Don Carrega per la verità con le “sparate” mediatiche non è certo alle prime armi. 
Non più tardi di un anno fa aveva denunciato gli errori con cui la Chiesa aveva giudicato le persone omosessuali. L’occasione era il funerale di un uomo che nell’agosto del 2016 si era unito civilmente con il compagno. Don Carrega, nell’omelia funebre, aveva considerato il compagno rimasto come una sorta di vedovo cui la Chiesa doveva chiedere scusa. A fare da grancassa lo stesso giornalista che sabato ha firmato l’articolo sui corsi per fedeltà gay, segno che come in tutte le campagne mediatiche servono giornalisti fidati che sappiamo delineare un fossato ben marcato tra quegli “ultracattolici” del Timone che lo hanno accusato di omoeresia e chi invece si fa carico davvero delle sofferenze dell’uomo secondo una letteratura che non vuole fare prigionieri. Insomma: una campagna mediatica sentimentalista e fuorviante che non finirà qui. 

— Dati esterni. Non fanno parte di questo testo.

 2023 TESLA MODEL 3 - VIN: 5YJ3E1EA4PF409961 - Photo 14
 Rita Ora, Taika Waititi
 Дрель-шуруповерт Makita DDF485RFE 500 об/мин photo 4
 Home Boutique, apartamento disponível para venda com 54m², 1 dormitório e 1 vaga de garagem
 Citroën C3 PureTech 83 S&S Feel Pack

Intanto però restano le parole di don Carrega che si vanta di aver partecipato negli ultimi tempi a un solo matrimonio “tradizionale” e a ben tre unioni civili, quasi come se si trattasse di un nuovo dato Istat. Nè può essere presa in considerazione nel delirio di un sacerdote che si atteggia a profeta della nuova religione la “lacuna legislativa”, così l’ha chiamata, di una legge, la Cirinnà, che non prevede a differenza dei veri matrimoni la fedeltà. Una fedeltà che però non servirà a salvare le loro anime. 

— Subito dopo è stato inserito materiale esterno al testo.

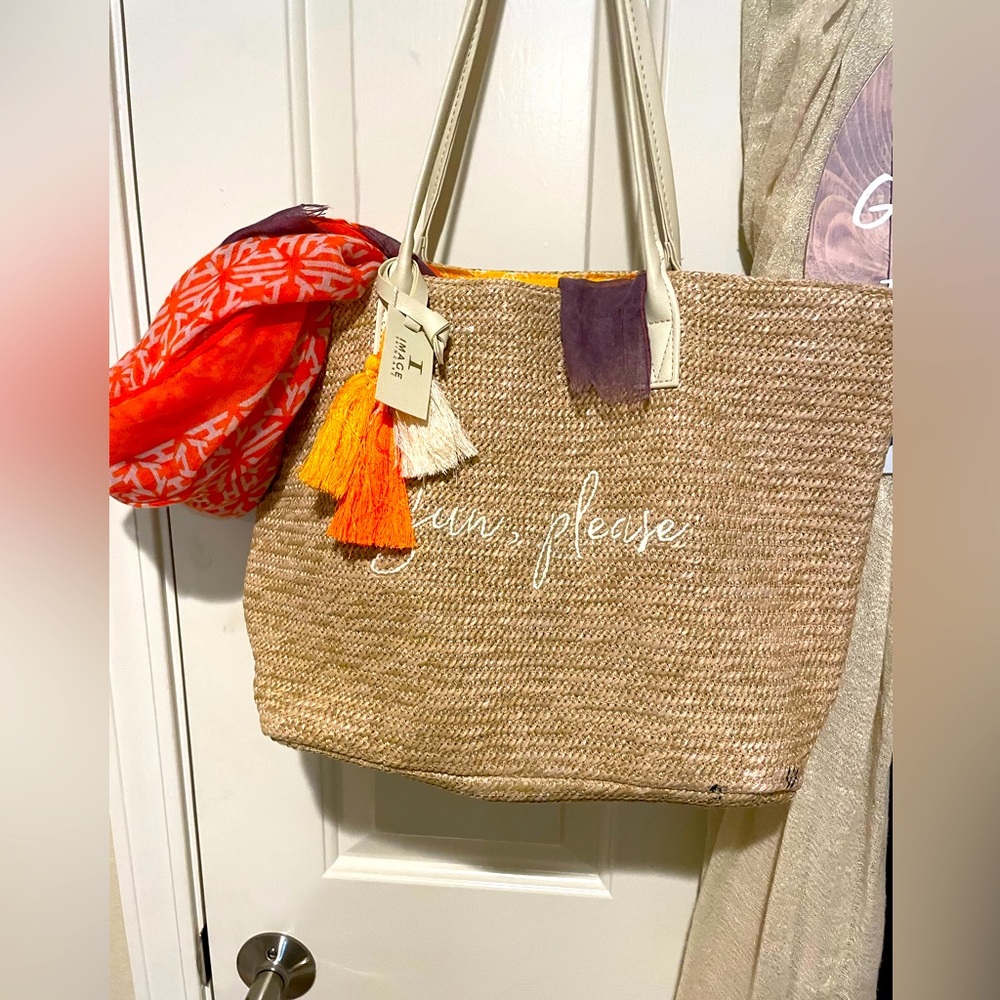 Sun Bag Tote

Perché c’è fedeltà e fedeltà ed è sconcertante che un prete che non sembra più comprendere la sua missione sacerdotale non lo riconosca: la fedeltà non rappresenta un "valore assoluto”, viene qualificata moralmente dall’oggetto cui si riferisce. La fedeltà al bene è santità, la fedeltà al male è vizio. Questo insegna la teologia. 

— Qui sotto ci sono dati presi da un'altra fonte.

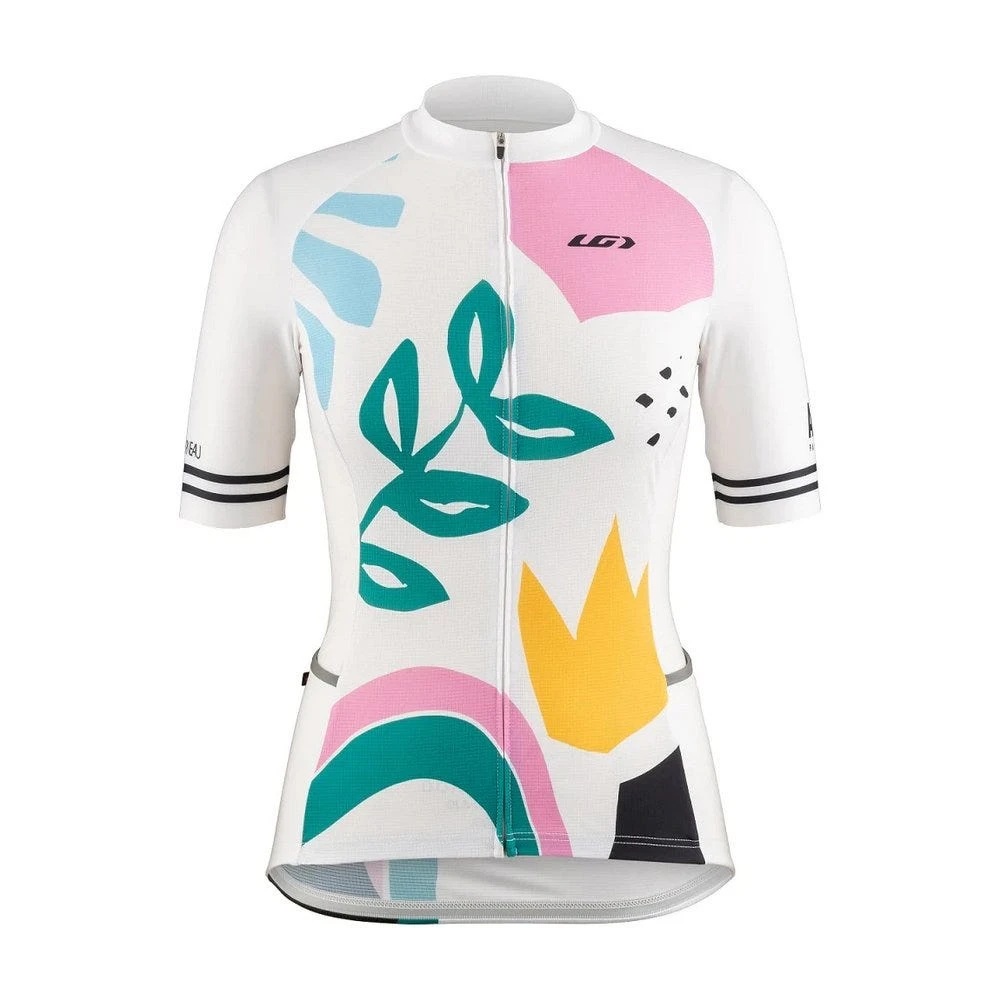 Louis Garneau W's Premium Art Jersey 1 Louis Garneau W's Premium Art Jersey
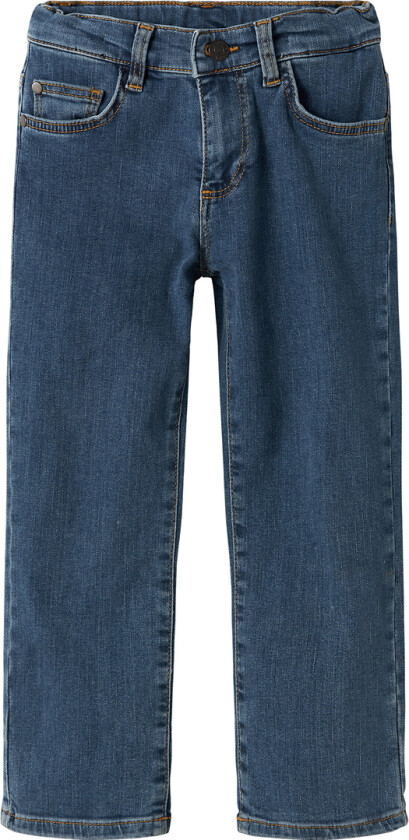 Jeans - Pallas - Mid Indigo - - 4 år (104) - Jeans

Anche l’amore omosessuale viene così piegato ai canoni dell’amore «esclusivo e unico», ma soltanto con un’amore di predilezione sponsale, strutturalmente aperto alla vita, si può propriamente parlare di unità ed esclusività. Inutile così ricordare che il «valore della fedeltà e dell’amore alla luce del messaggio biblico», che auspica don Carrega, non può che portare con sè una visione dell’uomo nella dualità sessuale maschio-femmina oltre all’esplicita condanna di ogni genere di disordine sessuale, con particolare condanna della sodomia. Come si fa a presentare il messaggio biblico senza annunciare integralmente la verità su Dio e sull’uomo, pena il rinunciare a farsi portatori di questo messaggio? 
Secondo il sacerdote poi il problema della fedeltà non riconosciuta né promossa è connesso con il rischio che la coppia omosessuale viva una sorta di clandestinità. Sembra di rileggere le vecchie motivazioni radicali per l’introduzione dell’aborto. Eppure rendere ancor più pubblico e manifesto un peccato dovrebbe essere un’aggravante, perché giustifica il disordine e crea scandalo. 
Uno scandalo che invece si vuole normalizzare secondo il deamicisiano assunto che «una coppia credente che fa un’unione civile dovrà pur portare la sua fede religiosa all’interno della convivenza». Ma di quale fede parliamo? Di una fede che si fa un bon ton spirituale o di un rapporto vitale con Cristo vivo e vero grazie al quale giudicare e trattenere? 
Andrea Zambrano
http://www.lanuovabq.it/it/ritiro-spirituale-di-fedelta-gay-il-vescovo-allappello

Corsi di fedeltà gay. Citofonare curia

di Giacomo Furia 
A Torino, la diocesi si è arresa al credo omosex. Non solo sembra aver rinunciato di ricordare che gli atti omosessuali sono «intrinsecamente disordinati» e che sono «contrari alla legge naturale» [Cat. § 2357]. Non solo sembra aver chiuso un occhio sul fatto che tali atti «non sono il frutto di una vera complementarietà affettiva e sessuale» e che «in nessun caso possono essere approvati» [Ivi]. Non solo sembra aver dimenticato che «le persone omosessuali sono chiamate alla castità» [Cat. § 2359]. Non solo. Adesso, la diocesi piemontese propone un ritiro spirituale focalizzato sul tema della fedeltà tra i fidanzati (?) omosessuali.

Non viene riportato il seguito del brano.